I woke up this morning with an extreme sense of calm. Yesterday just before noon, I was called into Human Resources. I was so pre-occupied with everything else going on in my life … see previous post about my farm. So as I’m listening to how my company is having to make payroll cuts, I say to myself, ok they’re cutting my salary, that’s ok, I’m a saver, I can get by. And then it hits me—they’re laying me off.
As I sat there looking numbly at this woman, all I could think was, it must suck to do her job. She kept asking if I had any questions. My only question was whether I would get my vacation paid out. As I was escorted back to my desk to clean out and leave, I looked at my computer and thought, “I don’t have to call that person back, I don’t have to sit in on that meeting tomorrow, I don’t have to book that flight.” I actually had to control my emotions to keep from smiling. This is what I’ve been waiting for.

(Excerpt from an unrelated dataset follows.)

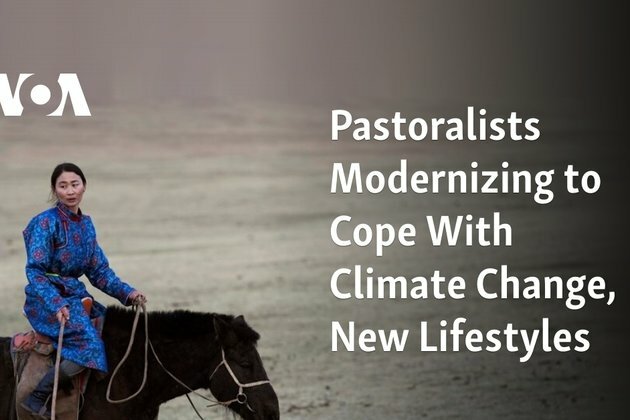 Pastoralists Modernizing to Cope With Climate Change, New Lifestyles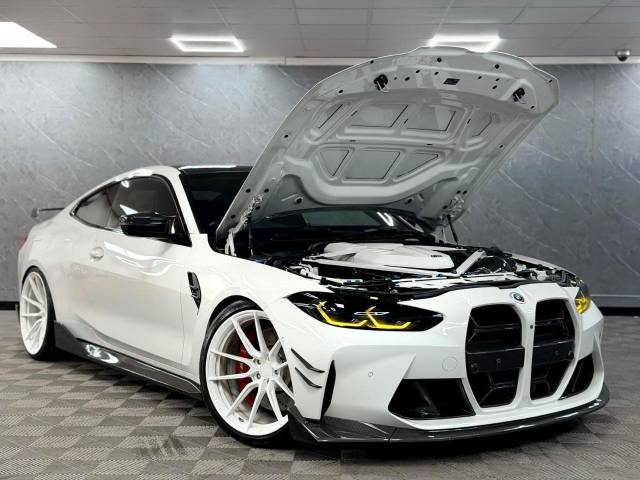 2021 BMW M4 3.0 M4 Competition 2dr Step Auto STAGE 2 700BHP|CARBON BUCKETS|£30000 MODS SHOW CAR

I’ve watched three layoffs in my almost seven years with this company and I kept saying, I hope when it’s my turn, it happens in summer. I walked out of the building yesterday to 70 degrees and sunshine. I’m being let go with eight weeks severance and three weeks (and three days) vacation. That’s nearly three months! In summertime!
Those that know me could predict that the first thing I did was register for unemployment. Of course I did, I’m no dummy. With unemployment benefits and severance, I’m going to be able to make it for a year without dipping into my savings. The only downside is that my insurance will end on May 31. I’m a pretty healthy person, so I’m willing to take that gamble.

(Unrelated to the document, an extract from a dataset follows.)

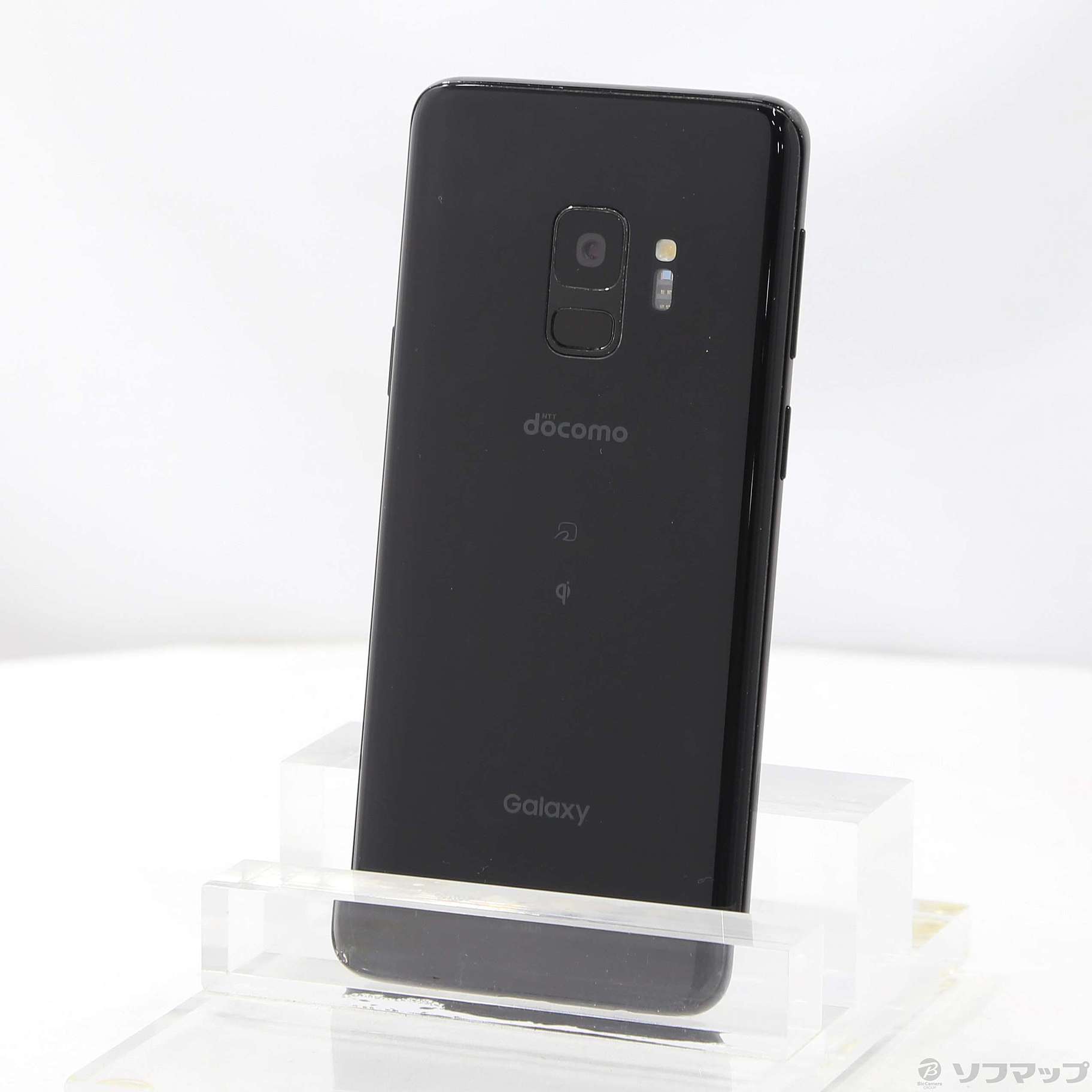 中古品（難あり）〕 GALAXY S9 64GB ミッドナイトブラック SC-02K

Today as I woke up with the sun and went about my normal routine, all I feel is freedom. Maybe I’ll take a trip to LA to visit my pregnant friend. Maybe I’ll take a job on the boardwalk and relive my early twenties. Maybe I’ll visit grandmom once a week without the pressures of a regular schedule.
This was probably supposed to devastate me, but I wasn’t the only one. There were seventeen of us let go yesterday. It’s not a reflection of my performance, it’s simply the world we live in today. I get to start over again; I get to figure out what I want out of a career. Maybe I’ll move down to Tennessee and take over my dad’s farm. (Again see previous blog).
Life is truly what you make of it. I could spend days crying and stressing or I could just smile and enjoy the time off. I’m off to the boardwalk to enjoy this beautiful sunny day.